Repeat the lines of the data exactly, from the first one through the one that contains "Kurta Churidar Dupatta".

===== Input data =====

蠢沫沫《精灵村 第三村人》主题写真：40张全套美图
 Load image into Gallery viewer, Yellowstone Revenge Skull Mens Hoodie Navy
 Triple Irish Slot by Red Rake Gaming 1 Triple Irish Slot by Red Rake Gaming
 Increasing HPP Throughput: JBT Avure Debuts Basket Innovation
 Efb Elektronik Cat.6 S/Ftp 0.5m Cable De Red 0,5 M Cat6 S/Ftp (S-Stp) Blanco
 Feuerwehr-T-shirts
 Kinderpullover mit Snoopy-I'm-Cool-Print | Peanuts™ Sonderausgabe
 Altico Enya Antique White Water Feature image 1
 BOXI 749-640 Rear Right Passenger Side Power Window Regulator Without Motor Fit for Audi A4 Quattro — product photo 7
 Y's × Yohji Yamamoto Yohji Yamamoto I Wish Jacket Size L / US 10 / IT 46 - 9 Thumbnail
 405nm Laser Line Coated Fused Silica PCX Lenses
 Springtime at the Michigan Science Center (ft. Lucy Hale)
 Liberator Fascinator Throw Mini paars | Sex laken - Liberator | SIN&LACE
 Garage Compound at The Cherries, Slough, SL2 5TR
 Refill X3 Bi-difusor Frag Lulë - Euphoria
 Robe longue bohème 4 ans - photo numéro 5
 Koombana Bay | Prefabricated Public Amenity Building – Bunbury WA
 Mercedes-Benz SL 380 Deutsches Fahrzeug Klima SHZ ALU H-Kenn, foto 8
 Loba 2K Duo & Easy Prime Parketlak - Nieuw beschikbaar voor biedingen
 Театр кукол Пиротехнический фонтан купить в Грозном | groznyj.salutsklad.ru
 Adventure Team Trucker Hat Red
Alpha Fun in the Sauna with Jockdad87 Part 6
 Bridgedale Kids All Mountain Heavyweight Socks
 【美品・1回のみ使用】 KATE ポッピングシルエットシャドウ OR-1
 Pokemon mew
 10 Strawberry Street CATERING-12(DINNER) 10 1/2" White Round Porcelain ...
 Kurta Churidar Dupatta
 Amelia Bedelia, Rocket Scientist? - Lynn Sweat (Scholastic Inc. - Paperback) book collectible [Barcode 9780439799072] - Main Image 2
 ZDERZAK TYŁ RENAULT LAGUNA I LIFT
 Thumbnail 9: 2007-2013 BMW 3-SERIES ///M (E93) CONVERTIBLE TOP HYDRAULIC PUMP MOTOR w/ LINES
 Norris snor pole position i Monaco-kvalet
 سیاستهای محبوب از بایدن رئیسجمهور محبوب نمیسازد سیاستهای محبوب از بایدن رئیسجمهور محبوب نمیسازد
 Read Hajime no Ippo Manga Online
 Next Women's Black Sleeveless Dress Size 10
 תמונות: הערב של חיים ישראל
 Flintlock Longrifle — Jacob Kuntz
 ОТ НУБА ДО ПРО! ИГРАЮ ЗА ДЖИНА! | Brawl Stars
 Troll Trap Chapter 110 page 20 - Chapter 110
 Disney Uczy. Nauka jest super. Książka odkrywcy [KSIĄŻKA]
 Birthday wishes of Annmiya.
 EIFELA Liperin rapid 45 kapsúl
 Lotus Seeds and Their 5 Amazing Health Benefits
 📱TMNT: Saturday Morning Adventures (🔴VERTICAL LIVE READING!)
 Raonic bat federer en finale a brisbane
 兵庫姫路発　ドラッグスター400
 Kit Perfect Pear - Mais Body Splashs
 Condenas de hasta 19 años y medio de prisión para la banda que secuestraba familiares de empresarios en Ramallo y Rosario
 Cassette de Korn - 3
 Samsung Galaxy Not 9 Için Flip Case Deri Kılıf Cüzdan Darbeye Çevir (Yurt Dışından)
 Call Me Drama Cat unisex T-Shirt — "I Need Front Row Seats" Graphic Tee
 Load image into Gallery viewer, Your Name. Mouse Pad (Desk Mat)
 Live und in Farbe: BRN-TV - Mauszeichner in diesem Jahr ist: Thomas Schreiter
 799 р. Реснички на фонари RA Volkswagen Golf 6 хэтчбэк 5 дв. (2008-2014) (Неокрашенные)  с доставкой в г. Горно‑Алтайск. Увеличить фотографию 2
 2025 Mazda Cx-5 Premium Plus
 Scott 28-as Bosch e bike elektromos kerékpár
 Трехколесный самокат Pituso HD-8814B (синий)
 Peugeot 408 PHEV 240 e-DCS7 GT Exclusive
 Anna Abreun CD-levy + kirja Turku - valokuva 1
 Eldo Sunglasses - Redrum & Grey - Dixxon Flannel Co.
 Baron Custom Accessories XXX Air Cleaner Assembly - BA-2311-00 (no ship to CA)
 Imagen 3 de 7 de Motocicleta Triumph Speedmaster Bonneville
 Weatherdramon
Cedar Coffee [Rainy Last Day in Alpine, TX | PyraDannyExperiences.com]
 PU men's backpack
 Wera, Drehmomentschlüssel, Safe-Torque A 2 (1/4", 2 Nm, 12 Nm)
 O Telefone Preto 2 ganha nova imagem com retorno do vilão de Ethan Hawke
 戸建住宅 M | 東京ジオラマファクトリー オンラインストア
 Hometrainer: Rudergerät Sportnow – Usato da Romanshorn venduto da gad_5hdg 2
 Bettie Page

=====

**Response below**.
蠢沫沫《精灵村 第三村人》主题写真：40张全套美图
 Load image into Gallery viewer, Yellowstone Revenge Skull Mens Hoodie Navy
 Triple Irish Slot by Red Rake Gaming 1 Triple Irish Slot by Red Rake Gaming
 Increasing HPP Throughput: JBT Avure Debuts Basket Innovation
 Efb Elektronik Cat.6 S/Ftp 0.5m Cable De Red 0,5 M Cat6 S/Ftp (S-Stp) Blanco
 Feuerwehr-T-shirts
 Kinderpullover mit Snoopy-I'm-Cool-Print | Peanuts™ Sonderausgabe
 Altico Enya Antique White Water Feature image 1
 BOXI 749-640 Rear Right Passenger Side Power Window Regulator Without Motor Fit for Audi A4 Quattro — product photo 7
 Y's × Yohji Yamamoto Yohji Yamamoto I Wish Jacket Size L / US 10 / IT 46 - 9 Thumbnail
 405nm Laser Line Coated Fused Silica PCX Lenses
 Springtime at the Michigan Science Center (ft. Lucy Hale)
 Liberator Fascinator Throw Mini paars | Sex laken - Liberator | SIN&LACE
 Garage Compound at The Cherries, Slough, SL2 5TR
 Refill X3 Bi-difusor Frag Lulë - Euphoria
 Robe longue bohème 4 ans - photo numéro 5
 Koombana Bay | Prefabricated Public Amenity Building – Bunbury WA
 Mercedes-Benz SL 380 Deutsches Fahrzeug Klima SHZ ALU H-Kenn, foto 8
 Loba 2K Duo & Easy Prime Parketlak - Nieuw beschikbaar voor biedingen
 Театр кукол Пиротехнический фонтан купить в Грозном | groznyj.salutsklad.ru
 Adventure Team Trucker Hat Red
Alpha Fun in the Sauna with Jockdad87 Part 6
 Bridgedale Kids All Mountain Heavyweight Socks
 【美品・1回のみ使用】 KATE ポッピングシルエットシャドウ OR-1
 Pokemon mew
 10 Strawberry Street CATERING-12(DINNER) 10 1/2" White Round Porcelain ...
 Kurta Churidar Dupatta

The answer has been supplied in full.